What made you decide to work with Arts Impact, and how has it gone so far?
I was still a bit new to Tacoma when my principal shared the Arts Impact opportunity with our staff. I was amazed at the opportunity to have a full week of arts learning for teachers and an immersive mentorship, benefiting both teachers and students. I had been worried about arts integration in education, and the continuing support of art in schools, and so I was excited to jump in the program to learn how I could personally make a difference. It has gone very well, as I am in my 2nd year of the program. I have gained even more confidence and motivation to support art in school, both as a teacher teaching with arts-integration and as an advocate for all children to have these experiences.
Do you have a background in the arts?
Nothing professional, but all I have are fond memories of growing up in an arts-supporting home. I grew up playing piano and later, clarinet & guitar. I had been involved in school-based vocal, instrumental, and performing arts, and know firsthand how that made a positive impact on me as a student and my life. And some of my favorite memories growing up were painting and fabric arts with my grandma, who had dreamed of being an art teacher, but got swept into the needs of World War 2 and raising a family post-war. I continue arts as a hobby in my free time.
What do you think arts-infused learning brings to your classroom or your teaching?
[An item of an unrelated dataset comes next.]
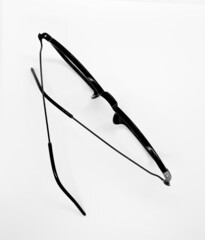 black glasses on a white background. simple and classic glasses for daily fashion style. elegant frame model for woman.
Children are masterful at play and creativity, and arts-infusion deepens learning as they tap into ways of expression that bring joy and confidence. As a teacher, I know the children will be engaged and have deeper connections to learning and cross-disciplinary understandings.
How have you integrated the arts during remote learning?
It is incredible how much can be done even remotely. Our Arts Impact learning over the summer modeled ways to integrate- using cameras to show arts processes and still build an arts-based class community. My class has been involved in music, expression through movement, dance, and theater, in live online Teams meetings, and also, with the wonderful mentorship of Carol Gould, integrated visual arts. My 2nd graders have enjoyed the integration of geometry with visual arts, learning how to use art materials like watercolors and use texts and artist examples for inspiration. In January my students will be working on a cityscape that integrates their geometry and visual arts knowledge.
What’s something you think our community should know (but maybe doesn’t) about your students, your community, your teaching.
These children are willing and motivated arts learners, and so are teachers! I feel that so often supply limitations and lack of confidence inhibits these experiences. Through Arts Impact, my students received personal materials that helped make our arts-infused remote learning possible. But also, the learning and confidence I have gained as an educator has been great. It is one thing to tell teachers to integrate art; it is another to provide the learning and resources to make it really possible!
Is there anything else you’d like to share?
I am deeply appreciative of those who give and support the Arts Impact mission and its teachers. The impact multiplies as these young minds foster a love and appreciation for the arts.